Замечание вполне резонное. В самом деле: почему? Таких камней вокруг было сколько угодно! И потом, рассматривая все это, я не мог отделаться от ощущения, что, нанося один образ на другой, художник приходил как бы в исступление от собственной фантазии, опьянялся каждой новой удачей и, поворачивая камень, находил всё новые и новые возможности, открывавшиеся ему в игре светотени…
— Задумался? — прервал Фрадкин мои размышления. — Давай думать вместе. Что получается? Во-первых, вопреки распространенному мнению, все эти скульптуры целые, а не обломки. Даже если на них изображены только части фигур — тело, голова, — так они и были задуманы. Во-вторых, вот эта «многообразность». В любом случае художнику было важно передать самое существенное, самые характерные черты того, что он хотел изобразить. Согласен?
Логика Фрадкина казалась безупречной.
— Теперь смотри дальше. Искусство в первобытном обществе, как ты знаешь, было совсем не забавой, а очень важным делом, от которого, как верили эти люди, зависела и удача охоты, и победа над врагами, и благосостояние всего племени. Короче говоря, искусство было магией, колдовством, попыткой воздействовать на силы природы. Им могли заниматься только жрецы, колдуны. И каждая черта, каждый штрих на изображении был призван усилить магическое действие.
— Согласен. Но как объяснить многочисленность изображений? Фигурки животных можно объяснить охотничьей магией. Изображение людей — какими-то культами, связанными с человеком. Но ты же сам показывал, как человеческое лицо превращается в морду льва, а лев — в сову или зайца!..
Эмиль довольно потер руками.
— Так это же оборотни!
Хм, оборотни! Может быть, он прав?
— Иначе говоря, воплощенные в камне мифы? — уточнил я.
— Вот именно! Следы древнейшей мифологии людей палеолита!
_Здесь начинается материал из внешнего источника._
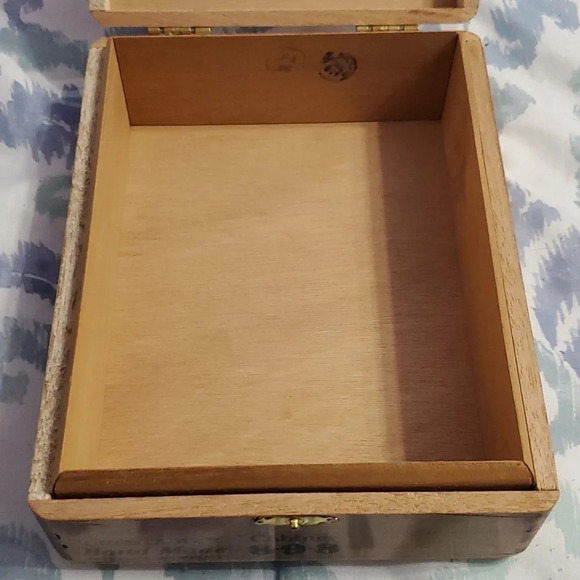Cuesta Rey International Wooden Hinged Cigar Box Empty - Picture 6 of 12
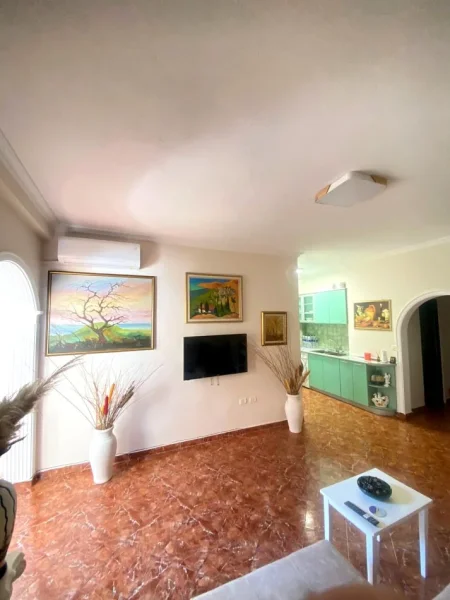 Tirane, shtepi Stadium Dinamo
Черт побери, в самом деле! Достаточно вспомнить хотя бы волшебные сказки, которыми мы все зачитывались в детстве. В этих сказках герои — и люди, и звери, и птицы. Больше того. С легкостью поистине волшебной герои сказок превращаются то в серого волка, то в сокола, то в медведя. Даже в камень.
А сказка, особенно волшебная, — почти всегда столь же древняя, как эти камни-перевертыши, которые обнаружил Фрадкин. Сказки пришли к нам из глубин тысячелетий. Для нас теперь они только «сказки», «сказываемые». На самом же деле это измененные, полузабытые древние мифы, объясняющие происхождение людей, зверей, птиц, земли и неба. И очень возможно, что в камнях, собранных при раскопках палеолитической стоянки, — прообразы «Иванов-царевичей», добывающих «смерть Кощееву», «жар-птицу» и многое другое.
Только для тех людей это не было сказкой. Для них эти камни действительно оживали. Уже много времени спустя, когда на смену домыслам пришло настоящее знание, древние мифы превратились в сказки.
Открытие Фрадкина поражало своей очевидностью и неожиданностью. На самом деле ничего неожиданного в нем не было. За Фрадкиным подобные «полиэйконические» скульптуры стали находить и в других коллекциях, правда далеко не в таком количестве. Новое название Эмиль образовал от двух греческих слов: «поли» — много, «эйкон» — образ, «многоóбразные» скульптуры. Оказалось, что к этому приему, показывающему динамику превращений в статичном изображении, прибегали многие народы. В первую очередь, таким «многообразием» отличались древние мексиканские статуи, изображения тотемов, мифических родоначальников американских индейцев, и многие африканские скульптуры.